La ricerca dei responsabili transalpini sarà in parte affidata agli alleati centristi del Modem (48 seggi) di François Bayrou (già membro del Cds) e di Horizons (30 seggi) dell’ex premier Edouard Philippe (già gollista), che stanno acquistando più spazio dentro il patto con Renaissance (172 seggi) come si è visto nel recente rimpasto di governo.

L’interesse di Bayrou è di far sopravvivere in parlamento una forza di centro che si distingua dalle ali estreme. L’interesse di Philippe è di succedere a Macron. I due sono destinati a lavorare assieme per condensare una maggioranza all’Assemblea su ogni provvedimento.

A facilitare il compito di Bayrou (certamente il più abile nei giochi parlamentari) e Philippe c’è il fatto che i precedenti capi di Renaissance non sono stati rieletti (né Richard Ferrand presidente dell’Assemblea uscente, né Christophe Castaner già ministro e capogruppo), decapitando i macronisti e costringendo a nuove scelte.

Pare che sia la neo presidente Braun-Pivet che la capogruppo Aurore Bergé non fossero la prima scelta di Macron ma che si siano imposte da sole su altri candidati (uomini). Entrambe sono dotate di forte carattere e sono molto combattive.

Sarà da vedere se riusciranno ad andare d’accordo tra di loro e con la prima ministra: condizione necessaria per non incorrere in passi falsi.

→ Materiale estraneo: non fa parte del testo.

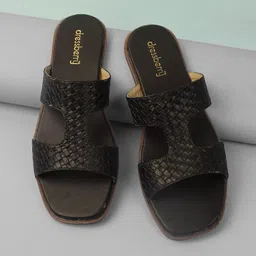DressBerry Women Black Textured Open Toe Synthetic Flats-0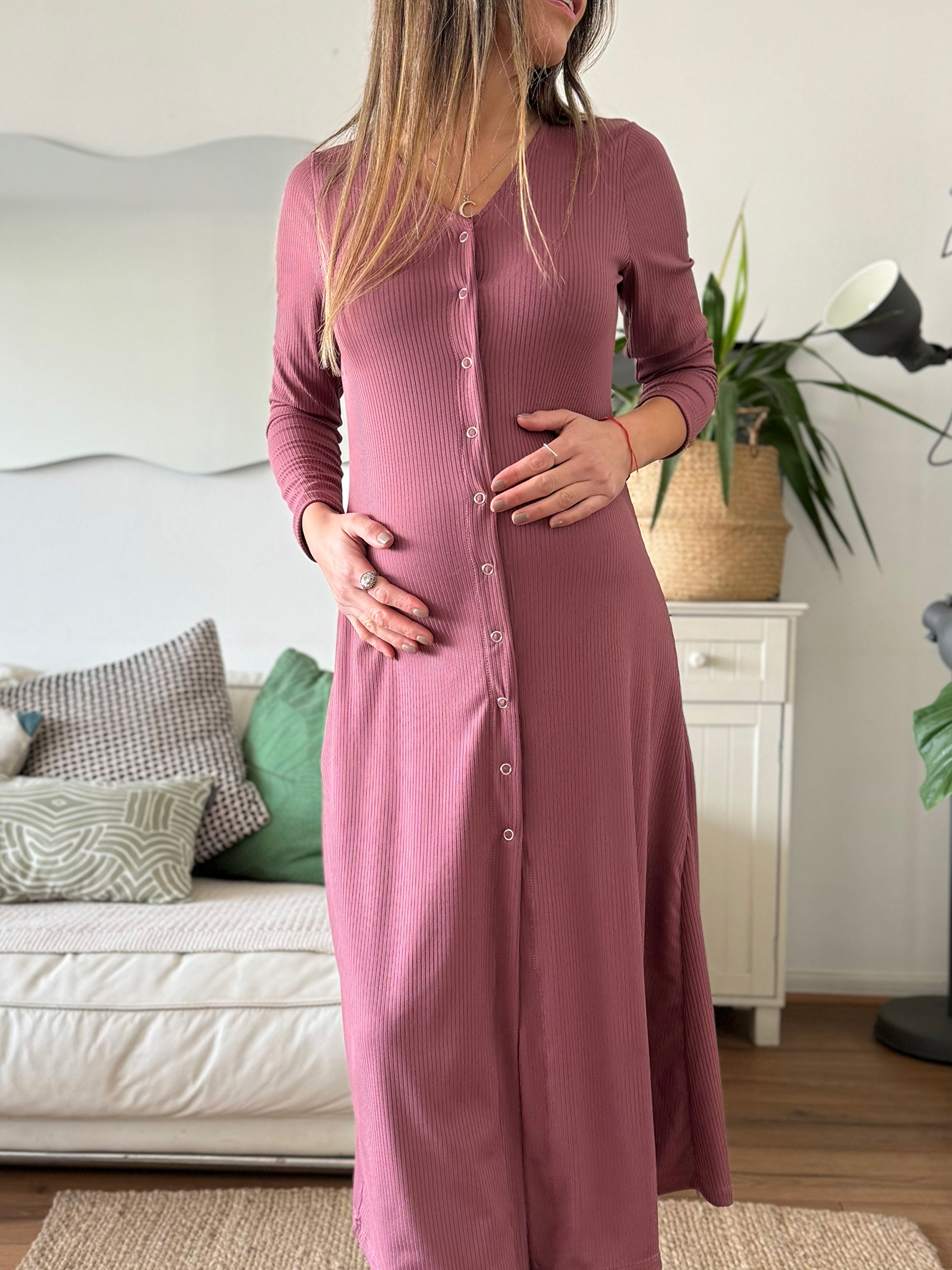 Vestido maternal y lactancia FLORENCIA rosa - Imagen 2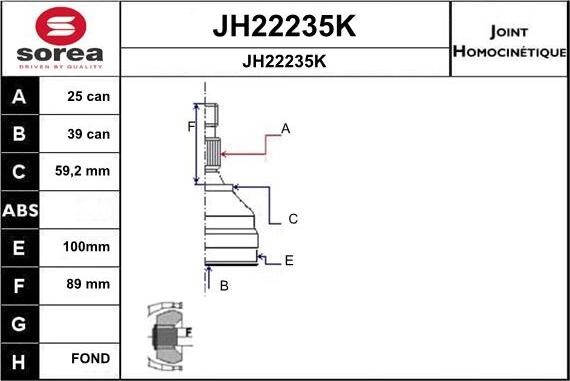 SNRA JH22235K - Šarnīru komplekts, Piedziņas vārpsta ps1.lv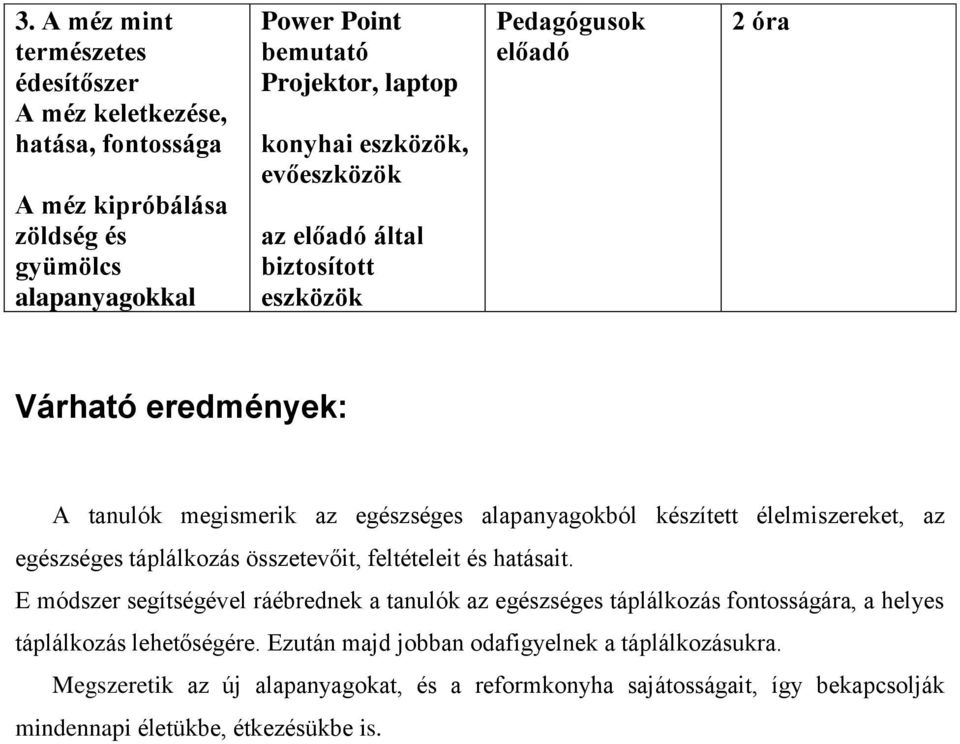 táplálkozás összetevőit, feltételeit és hatásait. E módszer segítségével ráébrednek a tanulók az egészséges táplálkozás fontosságára, a helyes táplálkozás lehetőségére.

C’è anche chi sostiene che Macron già stia pensando di sciogliere l’assemblea per andare a nuove elezioni: un calcolo tuttavia rischioso se si guarda ai precedenti e alla situazione del corpo sociale francese.

Polarizzazione e frammentazione

L’elettorato potrebbe non reagire favorevolmente. Infatti la vera difficoltà sarà quella di gestire il radicale mutamento in corso: una doppia contraddittoria spinta alla polarizzazione e alla frammentazione che stanno avvenendo contemporaneamente.

Sarà necessario reinventare il centrismo macroniano non tanto in funzione dei poteri presidenziali (intatti da un punto di vista istituzionale) ma della sintonia con una società sempre più turbolenta e incerta.

Si tratta di una specie di long Covid politico, quello dei gilets jaunes, che ha aiutato nelle urne le ali estreme e sta investendo ora uno scenario politico non abituato ad adattarsi alle spinte dal basso. All’epoca delle manifestazioni e dei blocchi stradali, si videro molti anziani neo pensionati costituire il nerbo dei presidi antigovernativi.

La tanto attesa riforma delle pensioni dovrà tenerne conto ma soprattutto sarà necessario considerare l’opposizione assoluta dei ceti medi e bassi ad ogni aumento del costo dei trasporti e della benzina, anche se provocati dalla guerra in Ucraina così come delle conseguenze sull’agricoltura.